Is falling for a phishing attack illegal, or am I just a victim?
You're the victim of a crime, not a participant in one. The person who sent the message is committing fraud, and in most jurisdictions, computer-crime and wire-fraud statutes too. The rare exception is being coerced into knowingly forwarding the attack to others yourself.
How did an attacker get my email address or phone number in the first place?
Almost always from a data breach at some completely unrelated company — a leaked customer database, a scraped LinkedIn export, a breached forum account — rather than anything specific you did. Contact details from breaches get aggregated, resold, and combined across sources into large target lists.

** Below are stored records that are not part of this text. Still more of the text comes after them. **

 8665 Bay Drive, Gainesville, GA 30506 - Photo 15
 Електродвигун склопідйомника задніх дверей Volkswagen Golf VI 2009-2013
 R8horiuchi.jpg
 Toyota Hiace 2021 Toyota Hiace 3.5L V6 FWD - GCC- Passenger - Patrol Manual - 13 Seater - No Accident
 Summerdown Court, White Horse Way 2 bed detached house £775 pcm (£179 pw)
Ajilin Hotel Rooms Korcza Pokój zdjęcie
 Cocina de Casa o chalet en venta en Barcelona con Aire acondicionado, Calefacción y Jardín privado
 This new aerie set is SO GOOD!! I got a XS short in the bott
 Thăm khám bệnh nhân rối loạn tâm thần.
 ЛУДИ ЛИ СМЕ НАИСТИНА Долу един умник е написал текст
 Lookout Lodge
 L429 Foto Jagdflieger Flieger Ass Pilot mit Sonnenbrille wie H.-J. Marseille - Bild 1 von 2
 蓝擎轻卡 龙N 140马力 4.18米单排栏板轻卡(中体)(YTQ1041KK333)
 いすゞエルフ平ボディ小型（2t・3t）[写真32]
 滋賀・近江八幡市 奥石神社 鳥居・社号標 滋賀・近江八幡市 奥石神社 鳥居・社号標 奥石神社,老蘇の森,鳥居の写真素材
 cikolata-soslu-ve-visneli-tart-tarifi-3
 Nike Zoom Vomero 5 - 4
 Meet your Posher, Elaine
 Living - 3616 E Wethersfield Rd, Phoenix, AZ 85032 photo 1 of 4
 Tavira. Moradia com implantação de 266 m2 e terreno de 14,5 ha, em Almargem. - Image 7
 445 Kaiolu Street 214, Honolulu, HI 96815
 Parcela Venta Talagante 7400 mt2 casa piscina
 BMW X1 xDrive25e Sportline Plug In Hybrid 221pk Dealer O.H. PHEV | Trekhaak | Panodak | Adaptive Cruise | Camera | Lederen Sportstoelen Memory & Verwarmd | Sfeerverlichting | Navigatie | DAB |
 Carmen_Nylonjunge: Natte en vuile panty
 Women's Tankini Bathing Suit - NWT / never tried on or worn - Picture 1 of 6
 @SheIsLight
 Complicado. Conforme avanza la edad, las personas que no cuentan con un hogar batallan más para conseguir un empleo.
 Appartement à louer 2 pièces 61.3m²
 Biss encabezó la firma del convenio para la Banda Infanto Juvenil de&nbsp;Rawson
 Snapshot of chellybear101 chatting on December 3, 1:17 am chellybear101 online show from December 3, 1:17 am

That's also why checking a service like Have I Been Pwned for your email is a reasonable first move whenever the phishing volume aimed at you suddenly picks up.
How do I check if a shortened link (bit.ly, t.co, tinyurl) is safe before clicking it?
Most shortening services have a preview option — adding a "+" to the end of a bit.ly link, for instance, shows the destination without visiting it. Otherwise, paste the shortened link into our own Phishing Link Detector, which expands it, checks the destination against live blocklists, and runs it through several other structural signals before you ever visit it yourself. A shortener inside an unsolicited message is reason enough to check first — legitimate businesses rarely need to shorten a link in an email.
What's the real difference between typosquatting and a homograph attack, since they look similar?
Typosquatting relies on a plain typing mistake — paypa1.com instead of paypal.com, using a digit that resembles a letter, something you could technically type by accident. A homograph attack is more deliberate: it uses a character from a different alphabet (a Cyrillic "а" instead of a Latin "a," for example) that renders as visually identical in most fonts, so there's no actual typo to make — the domain just isn't built from the letters it appears to be. Both end up looking right at a glance. The tell for a homograph domain is checking its punycode form, the "xn--" version browsers can reveal, which shows what the domain actually is underneath the disguise.